> [DATA]

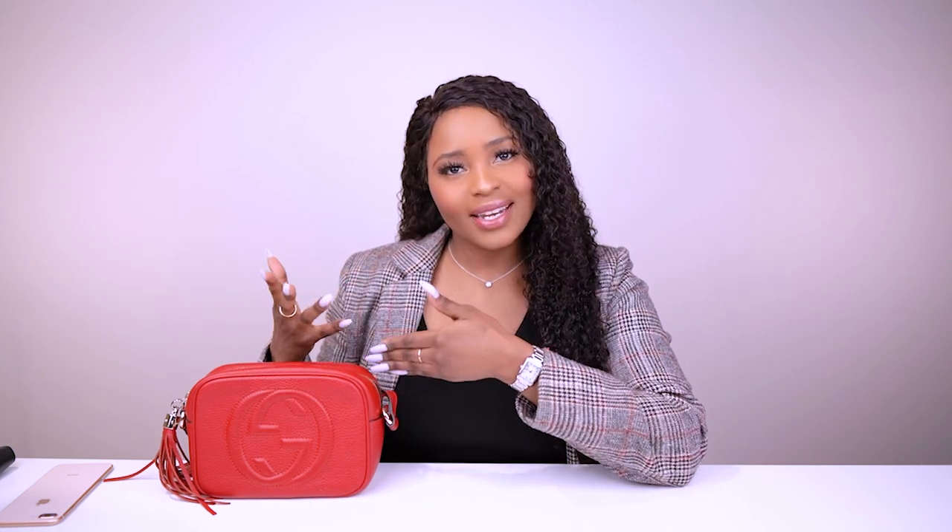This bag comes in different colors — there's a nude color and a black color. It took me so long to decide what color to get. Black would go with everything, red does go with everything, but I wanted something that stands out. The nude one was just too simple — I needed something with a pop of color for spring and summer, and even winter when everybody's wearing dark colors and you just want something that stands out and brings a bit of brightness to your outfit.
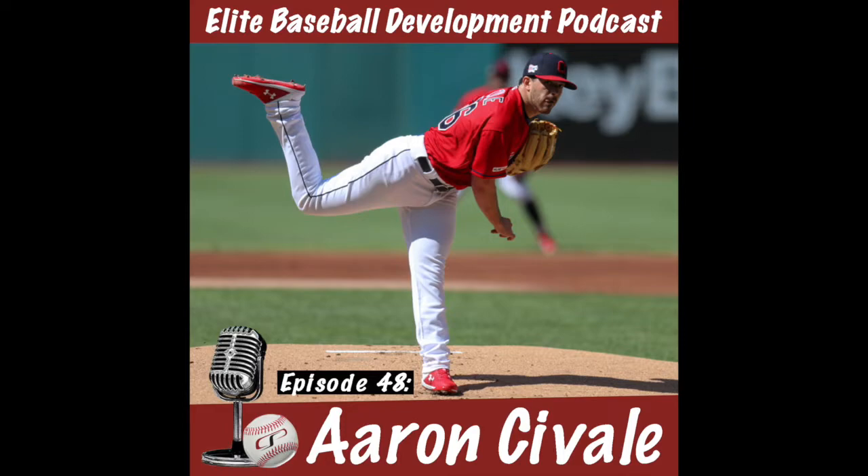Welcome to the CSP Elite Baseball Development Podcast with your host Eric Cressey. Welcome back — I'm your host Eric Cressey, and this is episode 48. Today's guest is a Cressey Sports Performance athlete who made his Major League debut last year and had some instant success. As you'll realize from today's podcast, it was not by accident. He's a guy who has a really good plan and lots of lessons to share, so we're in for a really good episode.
==
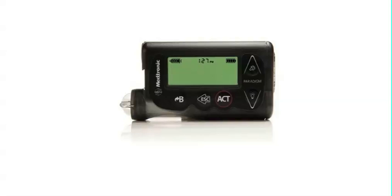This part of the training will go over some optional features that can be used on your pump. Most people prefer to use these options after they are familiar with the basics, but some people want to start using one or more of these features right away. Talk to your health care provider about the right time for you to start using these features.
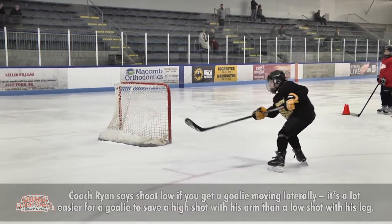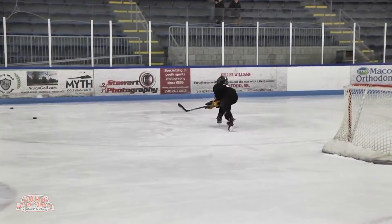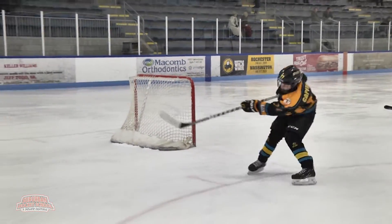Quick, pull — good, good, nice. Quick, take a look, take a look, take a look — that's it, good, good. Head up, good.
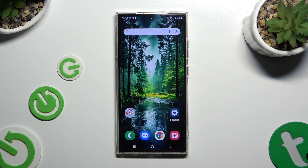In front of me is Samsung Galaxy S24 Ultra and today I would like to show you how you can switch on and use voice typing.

> [TASK OBJECTIVE] Pictures aside, print exactly the lines above starting with the one containing "This bag comes" and going on through the one containing "Welcome to the".

> [RESPONSE]
This bag comes in different colors — there's a nude color and a black color. It took me so long to decide what color to get. Black would go with everything, red does go with everything, but I wanted something that stands out. The nude one was just too simple — I needed something with a pop of color for spring and summer, and even winter when everybody's wearing dark colors and you just want something that stands out and brings a bit of brightness to your outfit.
Welcome to the CSP Elite Baseball Development Podcast with your host Eric Cressey. Welcome back — I'm your host Eric Cressey, and this is episode 48. Today's guest is a Cressey Sports Performance athlete who made his Major League debut last year and had some instant success. As you'll realize from today's podcast, it was not by accident. He's a guy who has a really good plan and lots of lessons to share, so we're in for a really good episode.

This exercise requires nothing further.